# A Guided Tour of Ray Core: Remote Objects

© 2019-2022, Anyscale. All Rights Reserved

📖 [Back to Table of Contents](./ex_00_tutorial_overview.ipynb)<br>
➡ [Next notebook](./ex_03_remote_classes.ipynb) <br>
⬅️ [Previous notebook](./ex_01_remote_funcs.ipynb) <br>

### Overview


In Ray, tasks and actors create and compute on objects. We refer to these objects as remote objects because they can be stored anywhere in a Ray cluster, and we use object refs to refer to them. Remote objects are cached in Ray’s distributed shared-memory object store, and there is one object store per node in the cluster.
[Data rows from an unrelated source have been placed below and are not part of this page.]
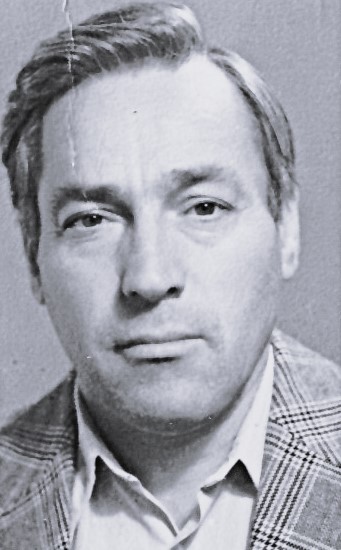 Dušan Šatalić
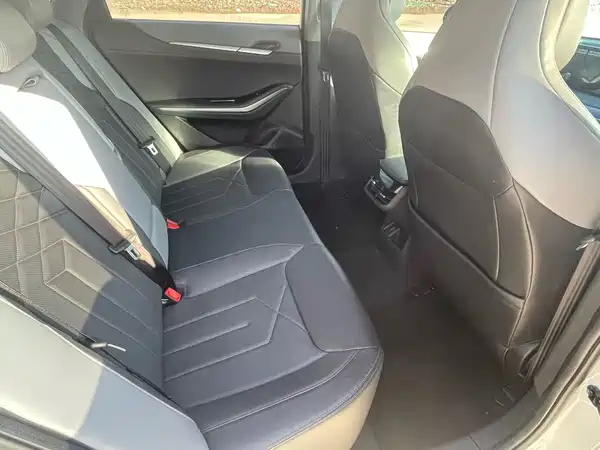 Changan Ruicheng PLUS 2024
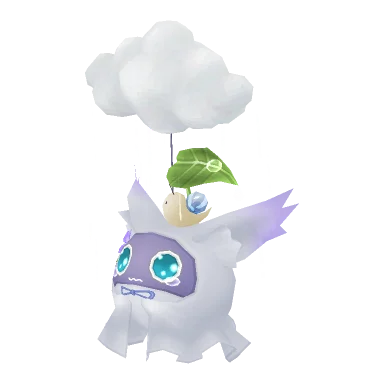 Teru Teru Potum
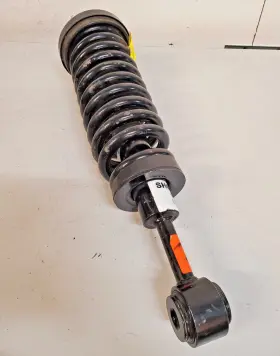 8031131 Shoxtec Front Single Complete Strut Assembly Replacement For Ford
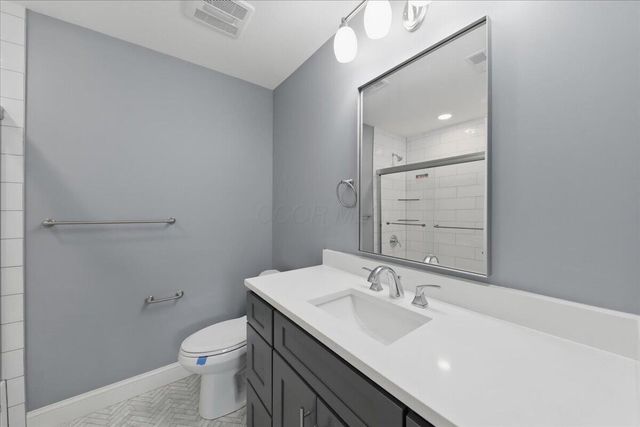 415 Glen Echo Circle, Columbus, OH 43202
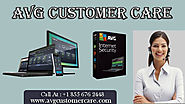 AVG Customer Service Number +1-855-676-2448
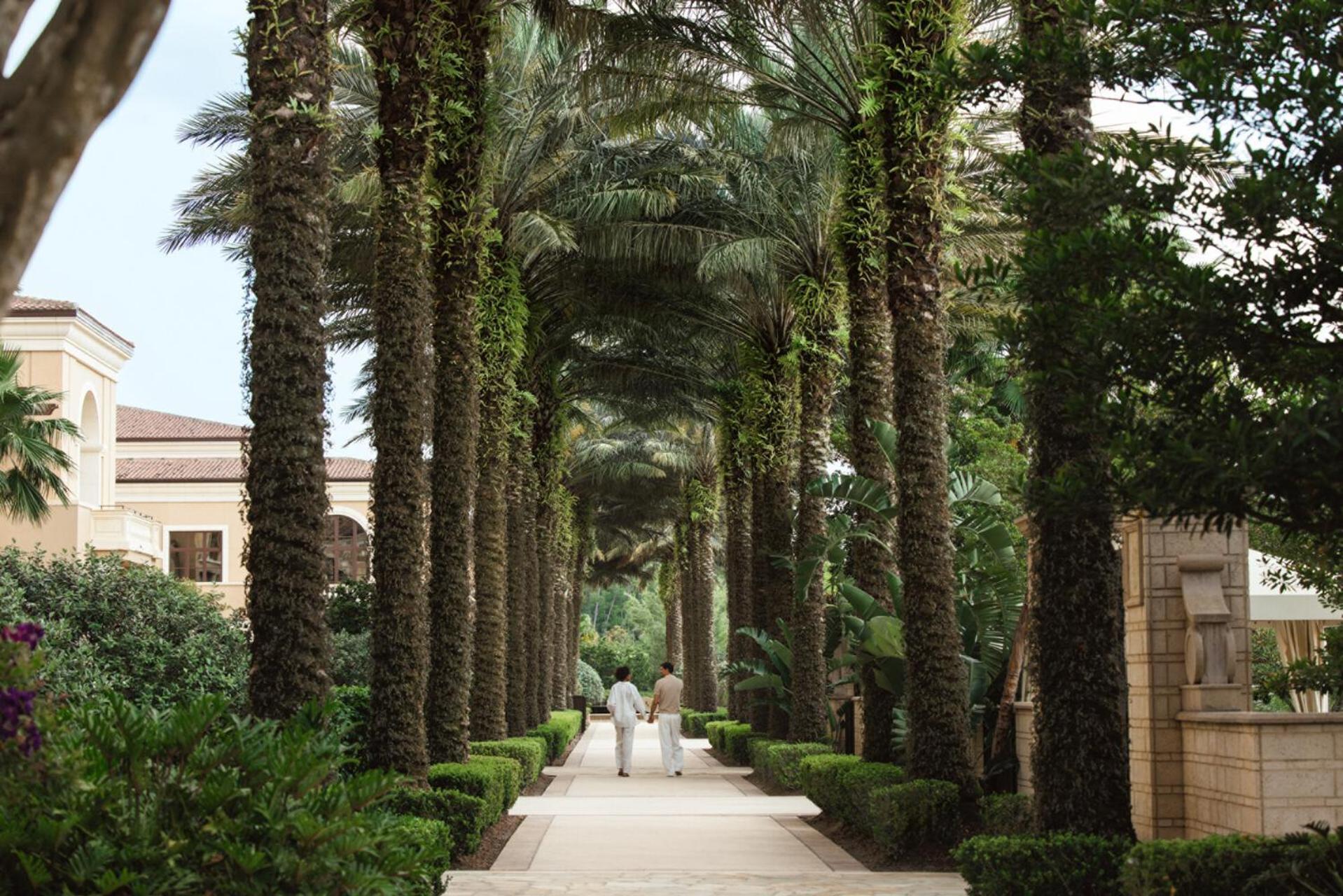 Four Seasons Resort Orlando At Walt Disney World Resort Lake Buena Vista Esterno foto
In the cluster setting, a remote object can live on one or many nodes, independent of who holds the object ref(s).

[*Remote Objects*](https://docs.ray.io/en/latest/walkthrough.html#objects-in-ray)
reside in a distributed [*shared-memory object store*](https://en.wikipedia.org/wiki/Shared_memory).

Objects are immutable and can be accessed from anywhere on the cluster, as they are stored in the cluster shared memory. An object ref is essentially a pointer or a unique ID that can be used to refer to a remote object without seeing its value. If you’re familiar with futures in Python, Java or Scala, Ray object refs are conceptually similar.


In general, small objects are stored in their owner’s **in-process store** (**<=100KB**), while large objects are stored in the **distributed object store**. This decision is meant to reduce the memory footprint and resolution time for each object. Note that in the latter case, a placeholder object is stored in the in-process store to indicate the object has been promoted to shared memory.

In the case if there is no space in the shared-memory, objects are spilled over to disk. But the main point here is that
shared-memory allows _zero-copy_ access to processes on the same worker node.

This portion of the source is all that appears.